嘉宁来的路上,想起衣服上被万满粘上的血渍,又没有带换洗的衣服,只能弄了些水将血搓洗干净。
“听皇帝说你中意沈家的儿子,可我算的你俩可没有夫妻的缘分!”老和尚突然说出这句话,还真是令嘉宁不知道该哭还是该笑,她与沈苒假扮的沈让也好,还是真正的沈让也好,确实没有缘分。
老和尚这话既然这么说,大皇上最信他,自然不会再有下旨赐婚,沈苒的秘密就能平安的瞒下去。
“谣传而已,我和他一点关系都没有了。”嘉宁摆摆手,一副不想旧事重提的样子。
“问世间情为何物。”老和尚指指自己光秃秃的头顶,“剃光三千烦恼丝,不问红尘往事。”
“我可不要!”嘉宁抱紧自己的发髻,手指摸到一个冰凉坚硬的物件,正是沈苒送她的金簪,神情有那么一瞬间的恍惚,随即恢复正常。“我可舍不得我的头发。再说了,我来出家,您收我吗?”
“这里是和尚庙,你倒可以去另一座山上的尼姑庵问问,说不定能让你做个主持。”老和尚打趣她。
嘉宁被他逗乐了,“老和尚,天色不早了。我回去了,明日再来烧香拜佛吧。”
“明日早起,有你你爱吃的豆腐素包。”老和尚也不送她,只是提醒她早起。她小时候跟着皇帝来礼佛的时候,最爱吃的就是豆腐素包,老和尚还记着呢。

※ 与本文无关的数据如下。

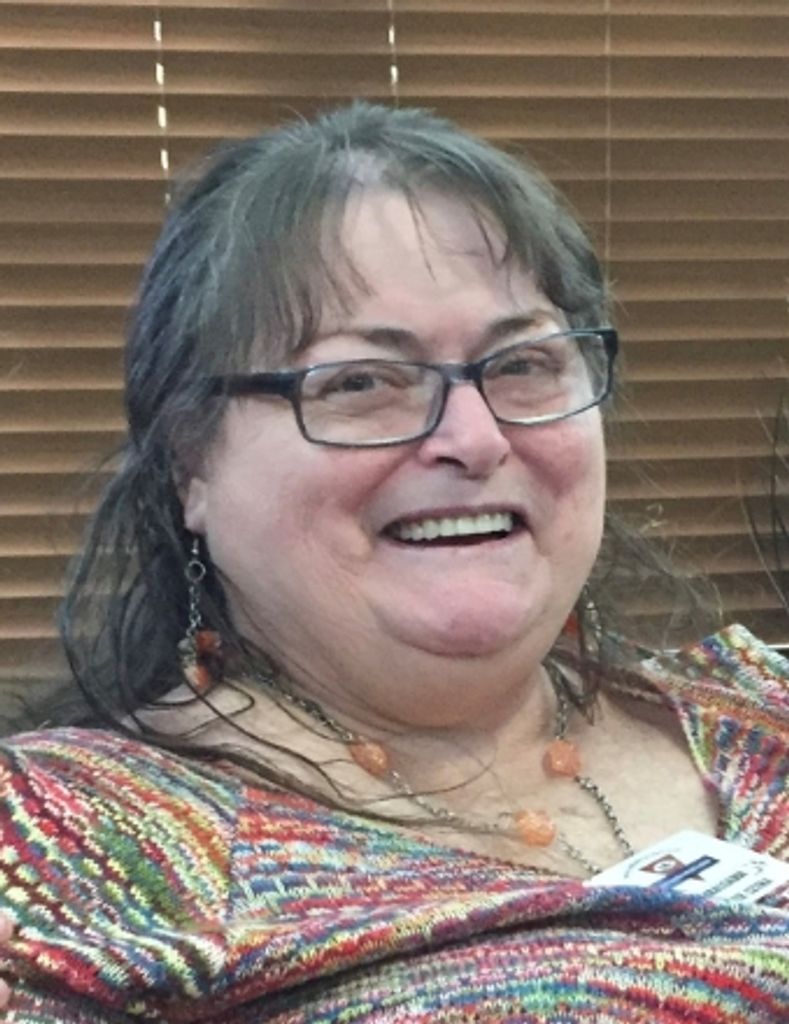 Fannie Szura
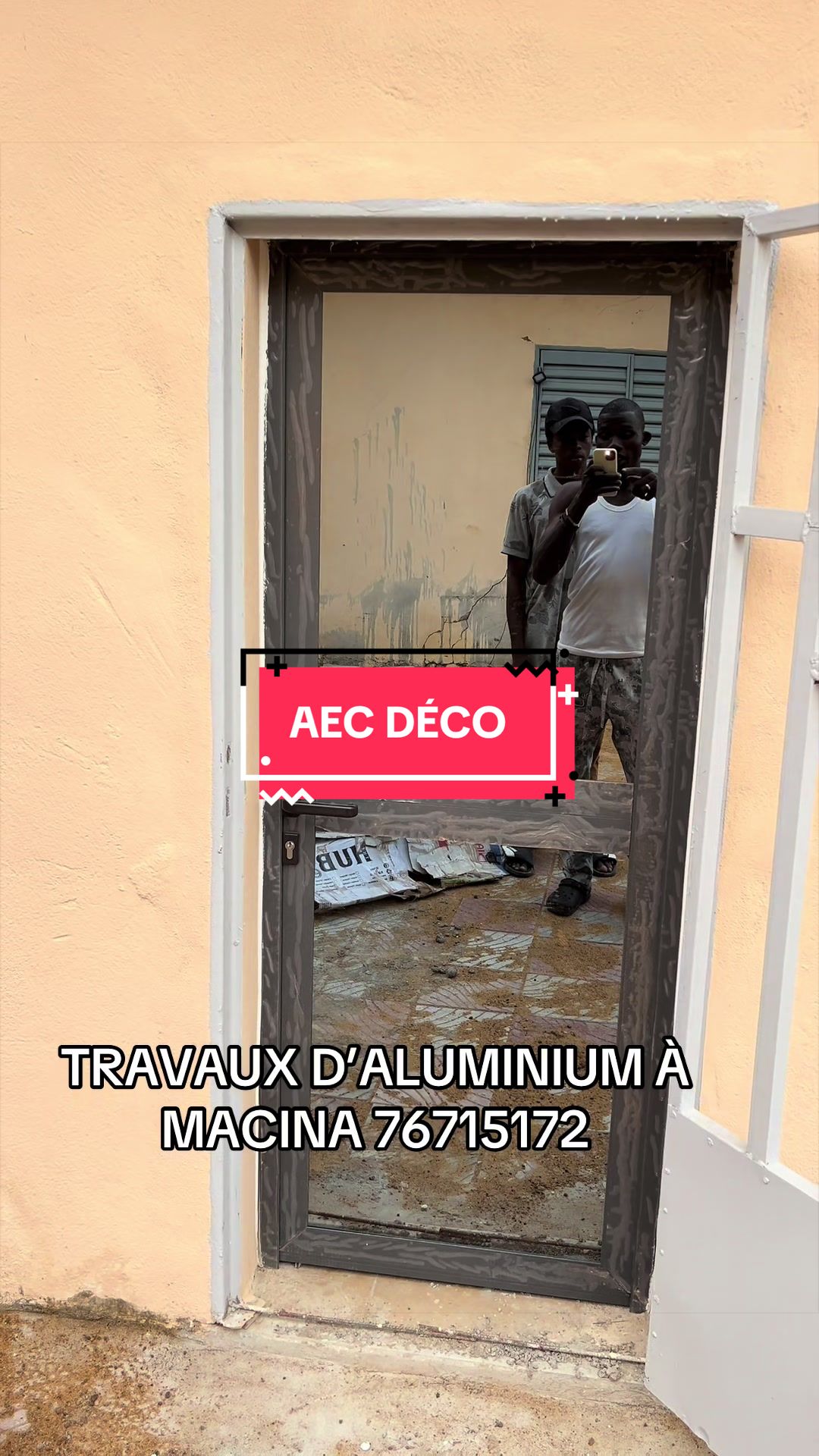 @GROUPEARCENCIEL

嘉宁已经走出殿外,又倒回来,探出个小脑袋和他挥挥手:“知道了,明日我一定不会早起,记得单独给我留出来。”
老和尚笑了笑,闭上眼开始念经。
嘉宁回到禅房,却不见一个人影,“小婉,小婉!”
“小姐!我在这边。”小婉的声音悠悠从窗外传来,“你别喊啊,别让人发现了!”
“你在外面做什么?”嘉宁走到窗边,瞧着他们几个都在外面,大树底下杂草丛生,也不避蚊虫蛇蚁,一个个还很兴奋的样子。
“树上有好多鸟,他们正在打鸟,准备烤来吃呢。”小婉指了指树下的三人。
瑾瑜与大力心虚地藏起手中的弹弓,唯有李泽锋正对着树上的鸟调准头。瑾瑜与大力一左一右同时给了他一记肘击,疼得他乱叫,一时间树上的鸟都被吓醒,拍着翅膀快速飞走。
“瑾瑜,这里是寺庙,难道他们不懂规矩,你也不懂吗?”
面对嘉宁质问的眼神,瑾瑜心虚地不敢抬头,“我只是玩玩,没有真的杀生。”
“嗯?”刻意拉长的尾音代表嘉宁的质疑。
“俺太饿了,那点面条哪够吃的。别为难瑾瑜,都是俺的错。”李泽锋一拍胸脯,将错都揽在自己身上。
嘉宁说出他曾经最爱的口头禅:“你可不要仗势欺人,对吗?”
李泽锋也低下头去,宛如被人拔光羽毛的斗鸡再也没了士气。
李大力瞥了一眼两个人惨兮兮的熊样,刚笑了两声就遭到嘉宁的一记眼刀,同样低下头去不敢说话。
“唉!”嘉宁叹了口气,终究还是心软。“去寺外。别在寺里杀生。”
“好来,等俺烤好了给你带点吃哈!”李泽锋说话不过脑子,拉着两人就快跑出去:“走走,来的时候我就看那边有很多树,肯定也落了不少鸟。吃个痛快。”
“今晚别回来了,你们就在外面住吧!”嘉宁冲着他们远去的背影喊完无奈摇摇头,又对着小婉说:“进来吧!小心草地里有蛇!”
小婉没有绕路,没有人陪着她,她害怕,直接就从窗户爬进去。
嘉宁将她拉进来,“去洗洗吧,小心身上爬了虫子,再咬出一身红包。”
“好呀,郡主等我,我去弄些热水来!”
今晚月色极好,明晃晃的月光洒下,院落的大理石砖面印着墨色的竹影,风吹过宛如在水面般飘荡。
嘉宁洗漱过后,身着一件宽大的衣袍,头发散开没有任何装饰,站在禅房外眺望远方。
万家灯火,宛如萤火秘境,远处的山头隐在暗中仿佛沉睡的巨龙,连绵至此仿佛这里就是龙头所在。
“明天皇帝要来这里礼佛,闲杂人等早就给请出去了。”嘉宁让她一起过来看风景,指指远处灯火通明的长街。
“瞧,那家的生意真不错,这么晚都有人。等我回去了一定去瞧瞧,要是家饭店味道一定不错。”
“那家好像不是饭店,好像是上次弦歌姑娘所在的乐坊。”小婉的方向感可比嘉宁好多了,去过一次就记住了位置。
“那说明乐坊一定好玩,改日我们去玩。”
“郡主又要穿男装啊?”
“
哎,在外呢,要叫我小姐。要是男装呢,就要叫我公子。所以等我去乐坊玩的时候,你就要叫我,宁公子!”嘉宁纠正她的措辞。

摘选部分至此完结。